ISCA Archive Interspeech 2016
ISCA Archive Interspeech 2016

Context Adaptive Neural Network for Rapid Adaptation of Deep CNN Based Acoustic Models

Marc Delcroix, Keisuke Kinoshita, Atsunori Ogawa, Takuya Yoshioka, Dung T. Tran, Tomohiro Nakatani

Using auxiliary input features has been seen as one of the most effective ways to adapt deep neural network (DNN)-based acoustic models to speaker or environment. However, this approach has several limitations. It only performs compensation of the bias term of the hidden layer and therefore does not fully exploit the network capabilities. Moreover, it may not be well suited for certain types of architectures such as convolutional neural networks (CNNs) because the auxiliary features have different time-frequency structures from speech features. This paper resolves these problems by extending the recently proposed context adaptive DNN (CA-DNN) framework to CNN architectures.
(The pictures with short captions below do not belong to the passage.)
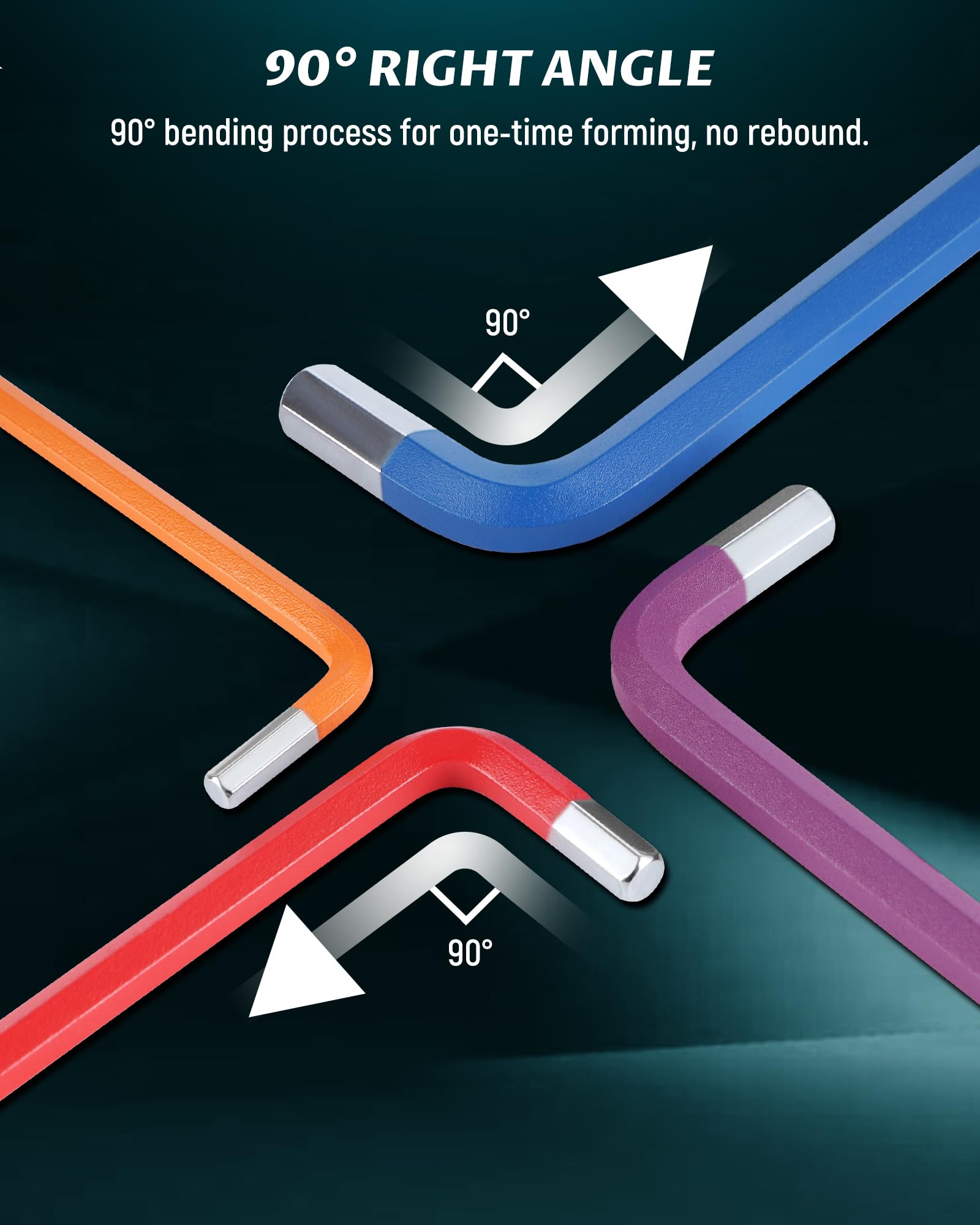 Lichamp chrome vanadium steel resists rust for lasting performance.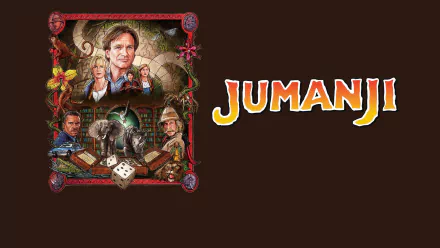 Kirsten Dunst Robin Williams movie Jumanji HD Desktop Wallpaper | Background Image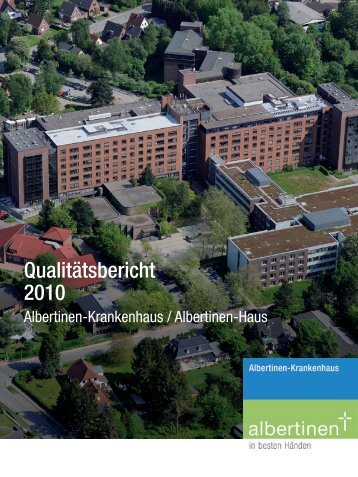 Qualitätsbericht 2010 Albertinen-Krankenhaus (PDF, 3 MB)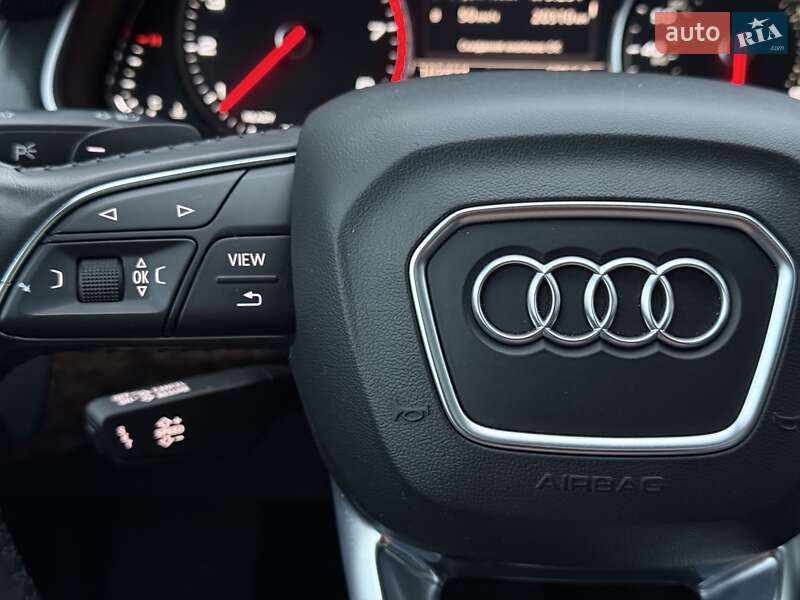 Внедорожник / Кроссовер Audi Q7 2018 в Киеве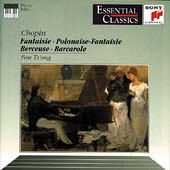 Chopin: Fantasie, Polonaise-fantasie, Etc / Fou Ts'ong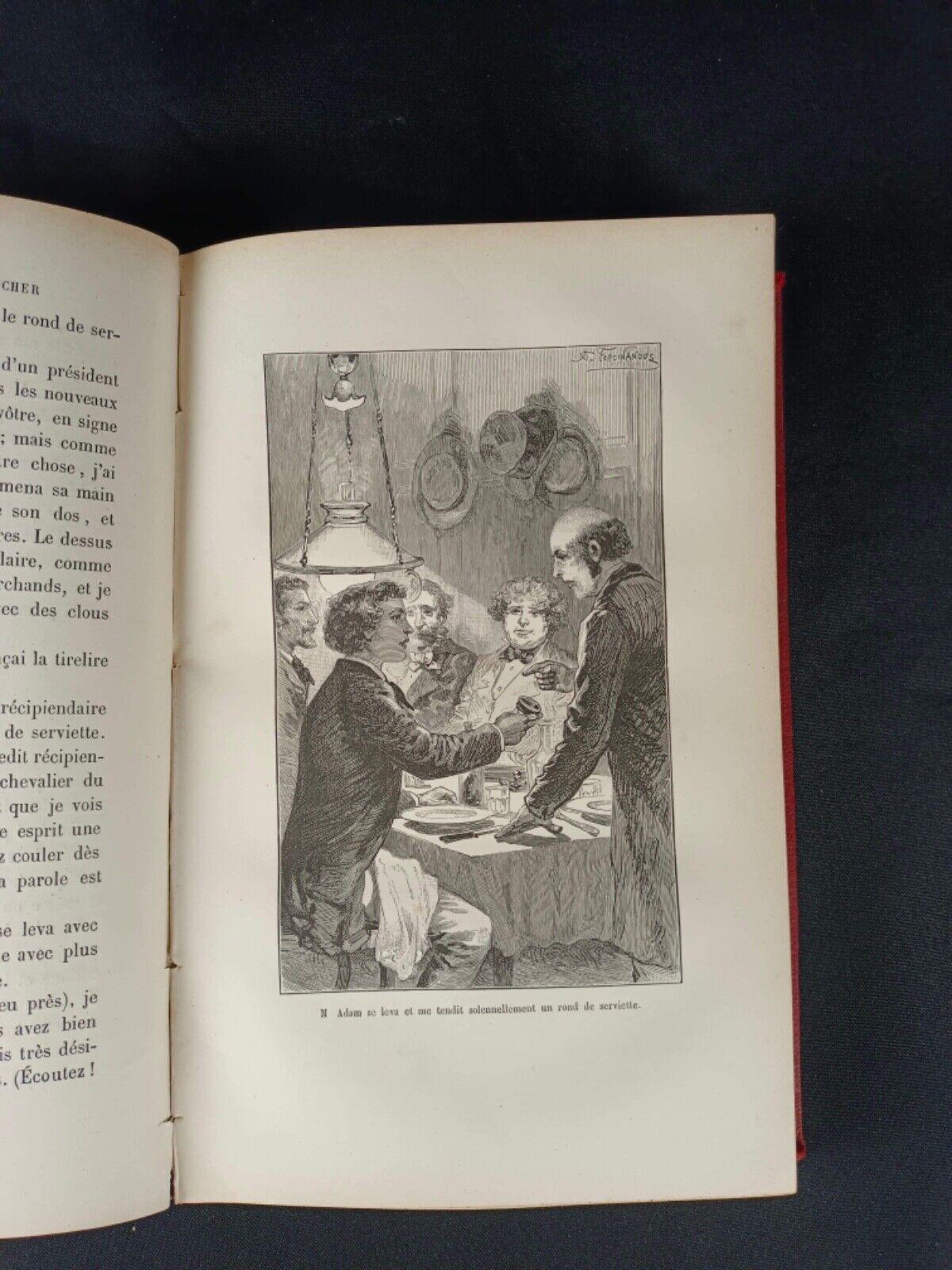Empire Antique Book by J. Girardin - 
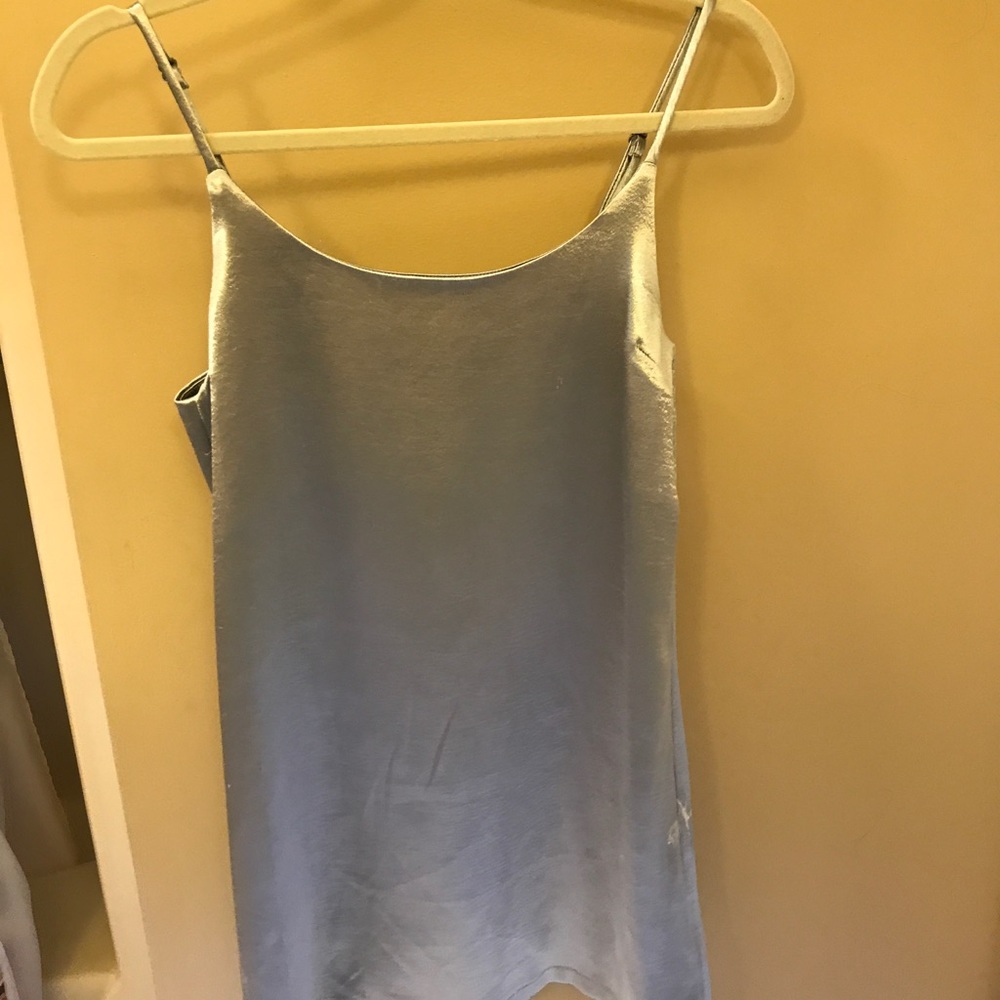 Urban Outfitter Silver Dress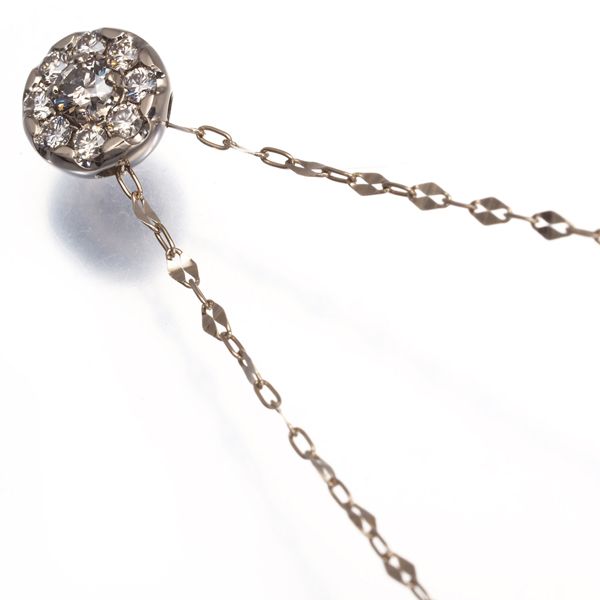 カシケイ ネックレス ダイヤ ダイヤモンド 0.25ct アダマス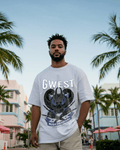 G West Music Festival Oversized T-Shirt Mens G West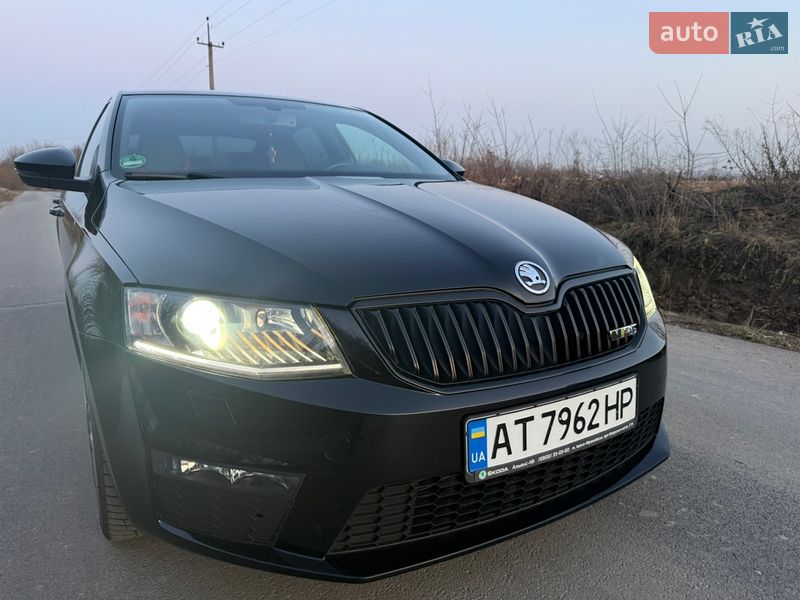 Лифтбек Skoda Octavia 2014 в Ивано-Франковске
A CA-DNN is a DNN with one or several layers factorized in sub-layers associated with an acoustic context class representing speaker or environment. The output of the factorized layer is obtained as the weighted sum of the contributions of each sub-layer, weighted by acoustic context weights that are derived from auxiliary features such as i-vectors. Importantly, a CA-DNN can compensate both bias and weight matrices. In this paper, we investigate the use of CA-DNN for deep CNN-based architectures. We demonstrate consistent performance gains for utterance level rapid adaptation on the AURORA4 task over a strong network-in-network based deep CNN architecture.